Purpose : Impaired glycolysis is a recent finding in age-related macular degeneration (AMD) pathogenesis. We use a genetically engineered mouse model to explore the role of mechanistic target of rapamycin (mTOR) complexes (mTORC1 and mTORC2). This study seeks to elucidate the impact of heightened mTOR levels on molecular pathways, like glycolysis, offering potential insights for targeting pathogenic mechanisms in AMD.

Methods : RPE-specific mLST8 (mammalian lethal with SEC13 protein 8) overexpression was accomplished by integrating the mLST8 coding sequence following a T2A sequence within the last exon and 3' untranslated region (3'UTR) of the mouse Best1 gene. mLST8 overexpression was confirmed through western blotting (WB) using RPE and retina markers. mTORC1 and mTORC2 activation in mLST8 KI RPE cells was verified via phospho-protein arrays. The model underwent comprehensive characterization, including scotopic full-field electroretinography (ERG), fundus photography, hematoxylin-eosin (H&E) staining, transmission electron microscopy (TEM), WB and immunohistochemistry (IHC). Whole RPE transcriptome sequencing, proteomics, and metabolomics were conducted to analyse genetic and proteomic changes.

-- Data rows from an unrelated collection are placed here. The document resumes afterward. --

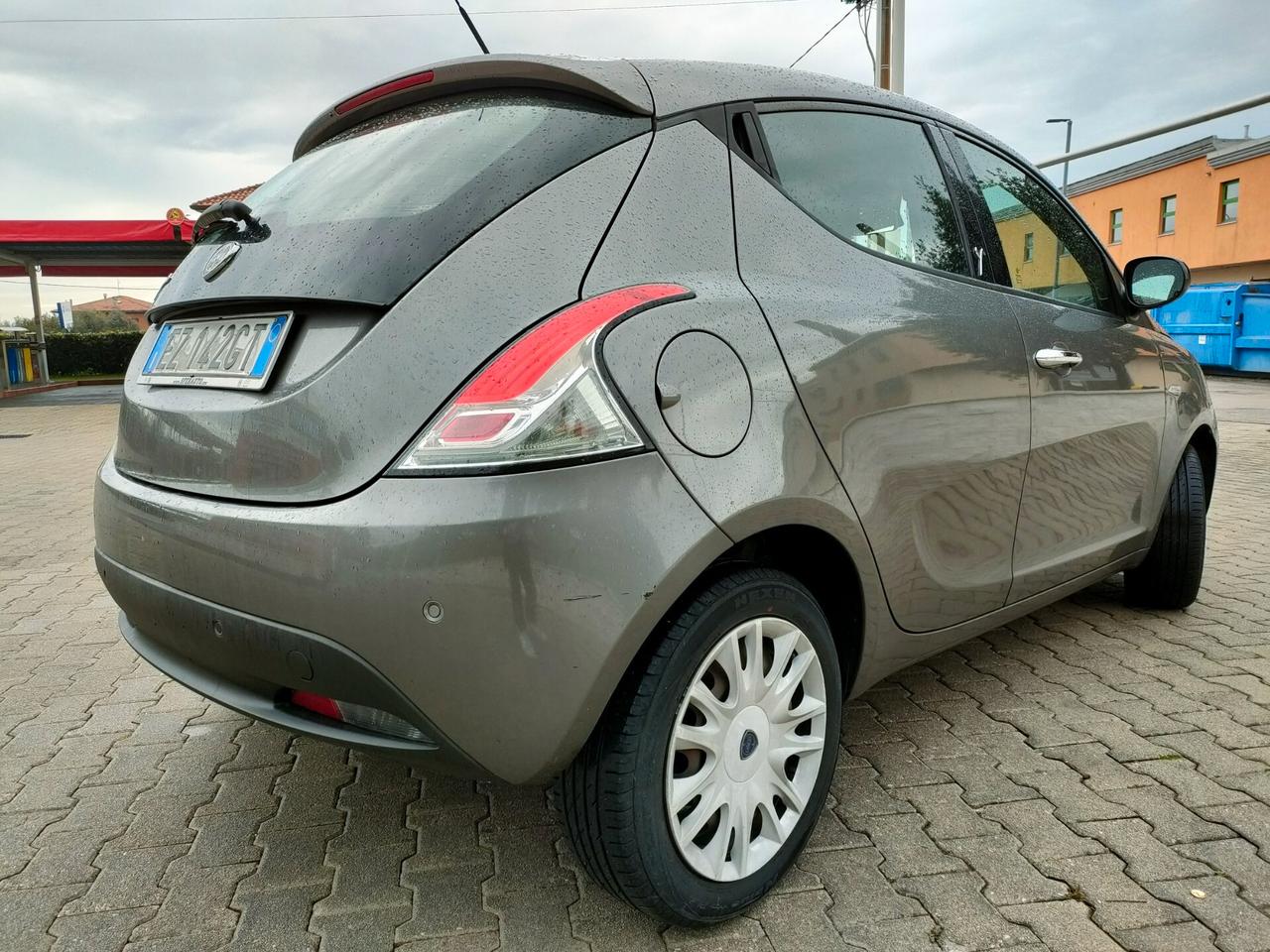 Lancia Ypsilon 1.3MTJ OK NEOPATENTATI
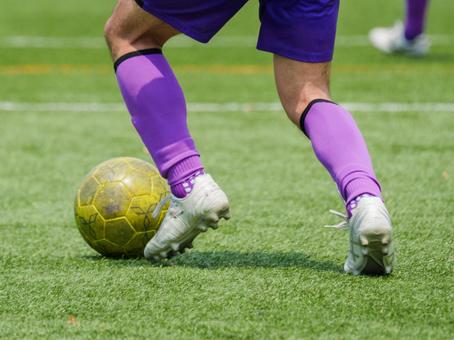 サッカー ドリブル サッカーボール 芝生 サッカー ドリブル サッカーボール 芝生 コピースペース,サッカー,ドリブルの写真素材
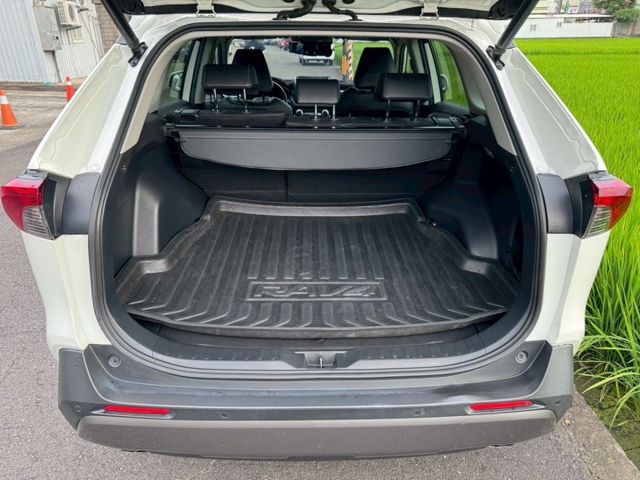 RAV4  第4張相片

Results : Mice overexpressing mLST8 displayed disrupted RPE (H&E) and reduced ERG activity at 9 and 10 months of age. Whole RPE metabolomics revealed dysregulation in the glycolytic pathway, with upregulated ATP synthase, elevated OxyHbA and increased glucose intake compared to controls. Dysregulated neutrophil degranulation proteins (decreased PGRN, increased FABP5) indicated hyperactivated immune cell infiltration. IHC revealed decreased rhodopsin and elevated Iba1, while WB showed increased LDHA suggesting elevated glycolysis, and upregulation of SOD2 and CAT, indicating oxidative stress.

Conclusions : Elevated glycolysis in aged mLST8 KI mice induces lactate production, RPE barrier dysfunction, and oxidative stress. Metabolomic and proteomic analyses reveal substantial alterations in glycolysis, oxidative stress, and immune activation pathways, confirmed by IHC and WB. This unique mouse model, with heightened mTOR complex signalling impacting diverse pathways, is a valuable tool for investigating AMD pathogenic mechanisms. These findings offer promise for future research and therapeutic interventions in AMD.

This abstract was presented at the 2024 ARVO Annual Meeting, held in Seattle, WA, May 5-9, 2024.